- Born: 1974 (age 51–52) Derventa
- Education: University of Southern California (BS), Cornell University (PhD)
- Known for: Charge density waves, microwave photonics
- Scientific career
- Fields: Physics
- Workplaces: NIST
- Thesis: Low-temperature Collective Transport and Dynamics in Charge Density Wave Conductor Niobium Triselenide
- Doctoral advisor: Robert E. Thorne

= Katarina Cicak =

Physicist

Katarina (Kat) Cicak (born 1974) is a physicist. She is a researcher in the advanced microwave photonics group at the National Institute of Standards and Technology.

== Early life and education ==
Cicak was born in 1974 in Derventa in former Yugoslavia. In 1992 during the war in Yugoslavia, she relocated to Croatia and then to the United States as a refugee.

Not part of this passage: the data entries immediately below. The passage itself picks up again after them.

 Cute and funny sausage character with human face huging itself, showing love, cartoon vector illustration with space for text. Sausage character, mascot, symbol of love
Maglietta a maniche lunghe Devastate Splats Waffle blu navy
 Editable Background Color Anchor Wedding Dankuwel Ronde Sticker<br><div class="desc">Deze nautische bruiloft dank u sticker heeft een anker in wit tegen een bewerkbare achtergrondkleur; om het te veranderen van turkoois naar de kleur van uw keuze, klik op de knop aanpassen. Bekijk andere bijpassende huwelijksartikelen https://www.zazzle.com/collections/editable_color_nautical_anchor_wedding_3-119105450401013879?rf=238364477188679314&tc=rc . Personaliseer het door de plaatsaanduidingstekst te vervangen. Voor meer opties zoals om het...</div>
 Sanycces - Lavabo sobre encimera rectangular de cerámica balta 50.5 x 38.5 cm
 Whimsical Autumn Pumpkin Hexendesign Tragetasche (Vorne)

Cicak received an A.S. in Mathematics Science in 1995 from the College of the Sequoias and a B.S. in physics from the University of Southern California in 1997. She performed graduate research in physics at Cornell supervised by Robert E. Thorne. Despite finishing her project in 2004, she only formally defended her dissertation in 2007 and submitted it in 2020. It is entitled Low-temperature Collective Transport and Dynamics in Charge Density Wave Conductor Niobium Triselenide.

== Career ==
During her undergraduate studies, Cicak completed internships at the Goddard Space Flight Center. In 2004, she began working at NIST in Boulder, Colorado.

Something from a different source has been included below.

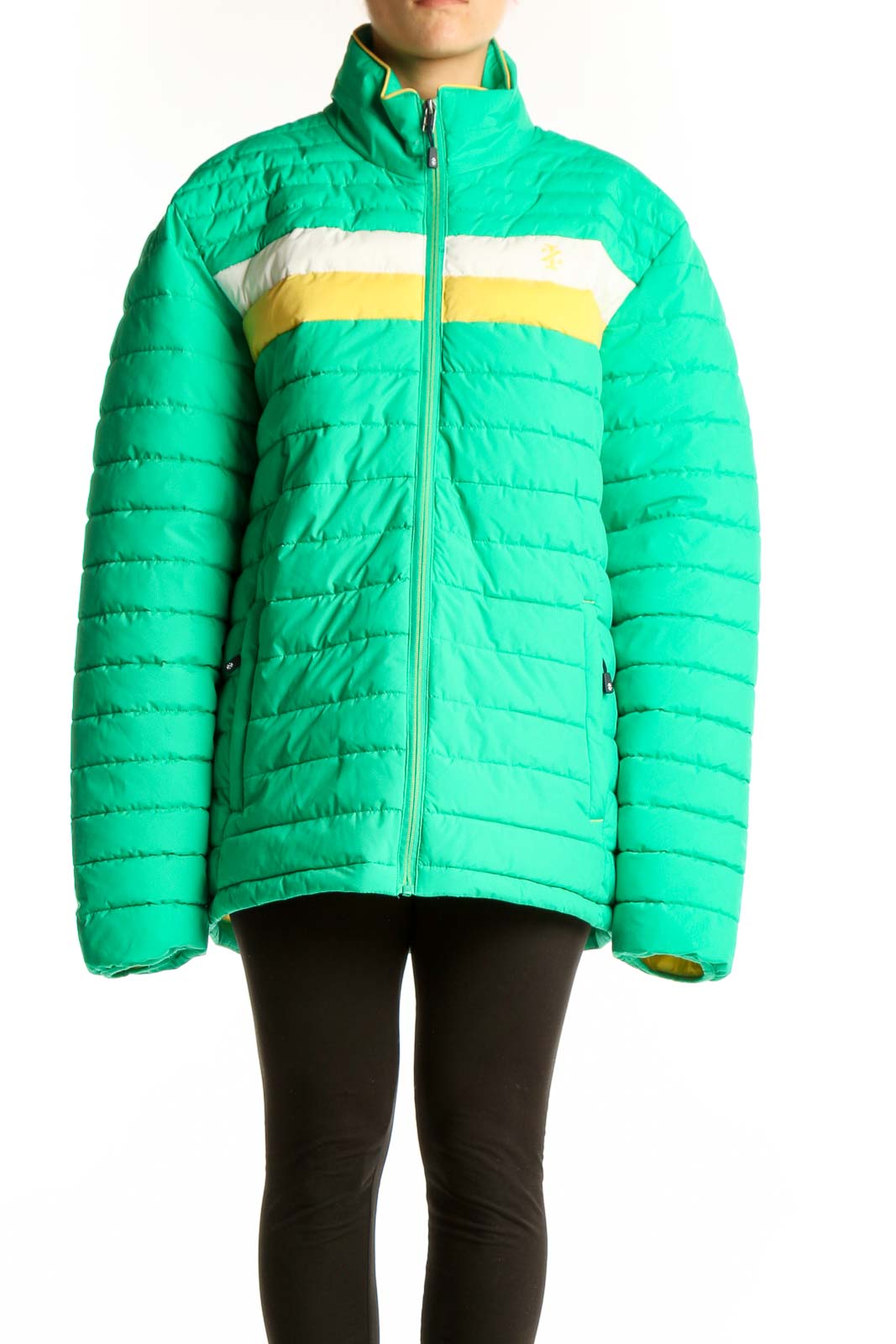 Green Striped Puffer Jacket Front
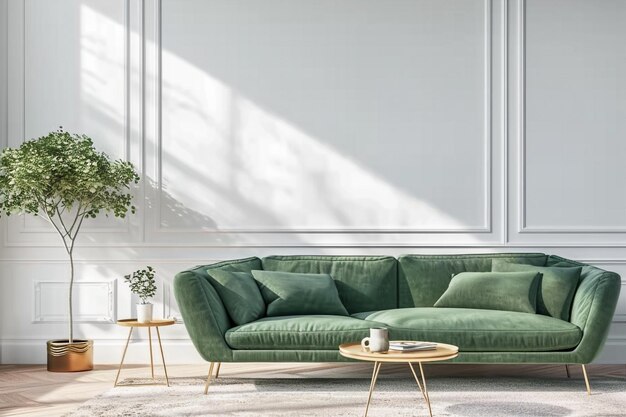 Interior elegante da sala de estar de um apartamento moderno e plantas de móveis à moda e acessórios elegantes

At NIST, Cicak is a member of the Advanced Microwave Photonics research project. This work is part of NIST's Quantum Information Program and combines advances in components for quantum computation based on superconductive circuits, mechanical components, and optical interactions. Cicak has contributed to a mechanical "micro-drum" resonator that can couple to microwave radiation in operation at 40 milliKelvin in a superconducting cavity. The team took the strong coupling a step further using sideband cooling to lower the temperature to below 400 microKelvin toward a quantum ground state.

She has a patent for a "Reticulated Resonator".

== Awards ==
In 2022, Cicak was awarded the U.S. Department of Commerce Gold Medal for "work experimentally tested the physical size limits at which quantum mechanics ends and classical physics begins." In 2021, she was awarded the Physics World 2021 Breakthrough of the Year for "entangling two macroscopic vibrating drumheads, thereby advancing our understanding of the divide between quantum and classical systems." In 2020, she was awarded the NIST Technology Partnership Office Patent of the Month for "Reticulated resonator, the process for making and use of same".

== Personal life ==
Cicak is married to Kevin D. Moll, a researcher whom she met at Cornell.